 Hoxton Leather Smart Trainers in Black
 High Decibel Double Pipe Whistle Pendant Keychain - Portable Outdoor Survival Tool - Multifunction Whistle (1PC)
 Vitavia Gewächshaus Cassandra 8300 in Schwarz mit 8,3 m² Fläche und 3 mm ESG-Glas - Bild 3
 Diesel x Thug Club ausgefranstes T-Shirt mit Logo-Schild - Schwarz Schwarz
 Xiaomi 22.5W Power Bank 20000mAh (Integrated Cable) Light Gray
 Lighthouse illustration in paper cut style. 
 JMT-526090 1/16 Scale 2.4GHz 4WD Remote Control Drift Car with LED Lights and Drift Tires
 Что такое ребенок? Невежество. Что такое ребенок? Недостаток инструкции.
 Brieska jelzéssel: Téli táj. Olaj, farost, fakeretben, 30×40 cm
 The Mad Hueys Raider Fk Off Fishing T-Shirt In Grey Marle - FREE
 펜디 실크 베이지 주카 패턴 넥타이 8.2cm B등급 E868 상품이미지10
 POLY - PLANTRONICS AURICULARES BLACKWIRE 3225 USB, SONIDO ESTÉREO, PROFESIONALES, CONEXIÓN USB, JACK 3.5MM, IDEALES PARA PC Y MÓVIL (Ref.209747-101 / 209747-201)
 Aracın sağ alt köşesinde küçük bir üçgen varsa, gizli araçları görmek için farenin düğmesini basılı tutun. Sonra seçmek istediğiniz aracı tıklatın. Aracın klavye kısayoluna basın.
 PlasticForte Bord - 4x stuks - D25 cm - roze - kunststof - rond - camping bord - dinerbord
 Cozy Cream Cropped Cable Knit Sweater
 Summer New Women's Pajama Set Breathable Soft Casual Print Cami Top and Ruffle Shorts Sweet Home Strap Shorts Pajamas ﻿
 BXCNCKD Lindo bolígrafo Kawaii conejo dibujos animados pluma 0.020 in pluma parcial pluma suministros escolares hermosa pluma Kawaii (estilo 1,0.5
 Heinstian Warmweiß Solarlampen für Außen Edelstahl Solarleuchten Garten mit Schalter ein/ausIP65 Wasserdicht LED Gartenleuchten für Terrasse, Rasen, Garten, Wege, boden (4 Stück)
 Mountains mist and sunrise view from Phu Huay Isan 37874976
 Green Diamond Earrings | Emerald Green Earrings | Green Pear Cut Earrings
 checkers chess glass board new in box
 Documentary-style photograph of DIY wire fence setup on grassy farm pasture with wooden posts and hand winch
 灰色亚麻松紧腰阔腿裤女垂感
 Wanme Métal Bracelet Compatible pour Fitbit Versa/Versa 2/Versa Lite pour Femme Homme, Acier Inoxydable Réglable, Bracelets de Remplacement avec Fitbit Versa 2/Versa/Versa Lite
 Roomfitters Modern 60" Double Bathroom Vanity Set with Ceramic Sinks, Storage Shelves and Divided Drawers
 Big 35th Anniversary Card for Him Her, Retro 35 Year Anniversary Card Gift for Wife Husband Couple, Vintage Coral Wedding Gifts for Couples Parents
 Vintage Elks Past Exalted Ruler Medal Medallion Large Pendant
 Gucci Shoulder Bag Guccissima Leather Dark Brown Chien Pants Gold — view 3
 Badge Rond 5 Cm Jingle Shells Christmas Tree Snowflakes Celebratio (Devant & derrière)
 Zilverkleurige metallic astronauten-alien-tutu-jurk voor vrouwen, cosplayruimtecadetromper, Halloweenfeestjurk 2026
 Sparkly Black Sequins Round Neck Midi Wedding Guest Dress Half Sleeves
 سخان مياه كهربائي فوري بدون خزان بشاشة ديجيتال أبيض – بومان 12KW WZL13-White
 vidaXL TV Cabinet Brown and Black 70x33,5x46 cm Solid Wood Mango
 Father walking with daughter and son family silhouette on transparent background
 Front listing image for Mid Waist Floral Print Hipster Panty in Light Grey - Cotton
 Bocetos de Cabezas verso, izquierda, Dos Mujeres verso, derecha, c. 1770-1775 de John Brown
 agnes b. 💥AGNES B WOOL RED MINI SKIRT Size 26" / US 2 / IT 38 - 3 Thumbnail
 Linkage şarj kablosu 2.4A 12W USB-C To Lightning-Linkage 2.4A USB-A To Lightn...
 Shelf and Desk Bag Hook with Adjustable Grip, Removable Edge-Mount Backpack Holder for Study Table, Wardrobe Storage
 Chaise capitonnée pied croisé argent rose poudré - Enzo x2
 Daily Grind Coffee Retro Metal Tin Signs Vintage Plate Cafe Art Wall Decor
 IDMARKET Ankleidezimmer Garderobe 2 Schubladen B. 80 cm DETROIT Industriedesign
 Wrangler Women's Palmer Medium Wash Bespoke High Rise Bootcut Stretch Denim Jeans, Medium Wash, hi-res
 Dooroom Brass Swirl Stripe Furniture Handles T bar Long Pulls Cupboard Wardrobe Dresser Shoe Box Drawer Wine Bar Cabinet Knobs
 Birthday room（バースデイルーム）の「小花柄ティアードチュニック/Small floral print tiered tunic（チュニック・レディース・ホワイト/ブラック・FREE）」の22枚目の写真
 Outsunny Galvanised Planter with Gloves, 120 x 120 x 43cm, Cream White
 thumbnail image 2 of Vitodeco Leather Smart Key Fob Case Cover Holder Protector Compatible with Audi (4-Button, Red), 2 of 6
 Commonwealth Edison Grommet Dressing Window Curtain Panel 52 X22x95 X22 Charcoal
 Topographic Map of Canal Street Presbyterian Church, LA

Task details: An exact copy of every entry is required.

Worked solution:
 Hoxton Leather Smart Trainers in Black
 High Decibel Double Pipe Whistle Pendant Keychain - Portable Outdoor Survival Tool - Multifunction Whistle (1PC)
 Vitavia Gewächshaus Cassandra 8300 in Schwarz mit 8,3 m² Fläche und 3 mm ESG-Glas - Bild 3
 Diesel x Thug Club ausgefranstes T-Shirt mit Logo-Schild - Schwarz Schwarz
 Xiaomi 22.5W Power Bank 20000mAh (Integrated Cable) Light Gray
 Lighthouse illustration in paper cut style. 
 JMT-526090 1/16 Scale 2.4GHz 4WD Remote Control Drift Car with LED Lights and Drift Tires
 Что такое ребенок? Невежество. Что такое ребенок? Недостаток инструкции.
 Brieska jelzéssel: Téli táj. Olaj, farost, fakeretben, 30×40 cm
 The Mad Hueys Raider Fk Off Fishing T-Shirt In Grey Marle - FREE
 펜디 실크 베이지 주카 패턴 넥타이 8.2cm B등급 E868 상품이미지10
 POLY - PLANTRONICS AURICULARES BLACKWIRE 3225 USB, SONIDO ESTÉREO, PROFESIONALES, CONEXIÓN USB, JACK 3.5MM, IDEALES PARA PC Y MÓVIL (Ref.209747-101 / 209747-201)
 Aracın sağ alt köşesinde küçük bir üçgen varsa, gizli araçları görmek için farenin düğmesini basılı tutun. Sonra seçmek istediğiniz aracı tıklatın. Aracın klavye kısayoluna basın.
 PlasticForte Bord - 4x stuks - D25 cm - roze - kunststof - rond - camping bord - dinerbord
 Cozy Cream Cropped Cable Knit Sweater
 Summer New Women's Pajama Set Breathable Soft Casual Print Cami Top and Ruffle Shorts Sweet Home Strap Shorts Pajamas ﻿
 BXCNCKD Lindo bolígrafo Kawaii conejo dibujos animados pluma 0.020 in pluma parcial pluma suministros escolares hermosa pluma Kawaii (estilo 1,0.5
 Heinstian Warmweiß Solarlampen für Außen Edelstahl Solarleuchten Garten mit Schalter ein/ausIP65 Wasserdicht LED Gartenleuchten für Terrasse, Rasen, Garten, Wege, boden (4 Stück)
 Mountains mist and sunrise view from Phu Huay Isan 37874976
 Green Diamond Earrings | Emerald Green Earrings | Green Pear Cut Earrings
 checkers chess glass board new in box
 Documentary-style photograph of DIY wire fence setup on grassy farm pasture with wooden posts and hand winch
 灰色亚麻松紧腰阔腿裤女垂感
 Wanme Métal Bracelet Compatible pour Fitbit Versa/Versa 2/Versa Lite pour Femme Homme, Acier Inoxydable Réglable, Bracelets de Remplacement avec Fitbit Versa 2/Versa/Versa Lite
 Roomfitters Modern 60" Double Bathroom Vanity Set with Ceramic Sinks, Storage Shelves and Divided Drawers
 Big 35th Anniversary Card for Him Her, Retro 35 Year Anniversary Card Gift for Wife Husband Couple, Vintage Coral Wedding Gifts for Couples Parents
 Vintage Elks Past Exalted Ruler Medal Medallion Large Pendant
 Gucci Shoulder Bag Guccissima Leather Dark Brown Chien Pants Gold — view 3
 Badge Rond 5 Cm Jingle Shells Christmas Tree Snowflakes Celebratio (Devant & derrière)
 Zilverkleurige metallic astronauten-alien-tutu-jurk voor vrouwen, cosplayruimtecadetromper, Halloweenfeestjurk 2026
 Sparkly Black Sequins Round Neck Midi Wedding Guest Dress Half Sleeves
 سخان مياه كهربائي فوري بدون خزان بشاشة ديجيتال أبيض – بومان 12KW WZL13-White
 vidaXL TV Cabinet Brown and Black 70x33,5x46 cm Solid Wood Mango
 Father walking with daughter and son family silhouette on transparent background
 Front listing image for Mid Waist Floral Print Hipster Panty in Light Grey - Cotton
 Bocetos de Cabezas verso, izquierda, Dos Mujeres verso, derecha, c. 1770-1775 de John Brown
 agnes b. 💥AGNES B WOOL RED MINI SKIRT Size 26" / US 2 / IT 38 - 3 Thumbnail
 Linkage şarj kablosu 2.4A 12W USB-C To Lightning-Linkage 2.4A USB-A To Lightn...
 Shelf and Desk Bag Hook with Adjustable Grip, Removable Edge-Mount Backpack Holder for Study Table, Wardrobe Storage
 Chaise capitonnée pied croisé argent rose poudré - Enzo x2
 Daily Grind Coffee Retro Metal Tin Signs Vintage Plate Cafe Art Wall Decor
 IDMARKET Ankleidezimmer Garderobe 2 Schubladen B. 80 cm DETROIT Industriedesign
 Wrangler Women's Palmer Medium Wash Bespoke High Rise Bootcut Stretch Denim Jeans, Medium Wash, hi-res
 Dooroom Brass Swirl Stripe Furniture Handles T bar Long Pulls Cupboard Wardrobe Dresser Shoe Box Drawer Wine Bar Cabinet Knobs
 Birthday room（バースデイルーム）の「小花柄ティアードチュニック/Small floral print tiered tunic（チュニック・レディース・ホワイト/ブラック・FREE）」の22枚目の写真
 Outsunny Galvanised Planter with Gloves, 120 x 120 x 43cm, Cream White
 thumbnail image 2 of Vitodeco Leather Smart Key Fob Case Cover Holder Protector Compatible with Audi (4-Button, Red), 2 of 6
 Commonwealth Edison Grommet Dressing Window Curtain Panel 52 X22x95 X22 Charcoal
 Topographic Map of Canal Street Presbyterian Church, LA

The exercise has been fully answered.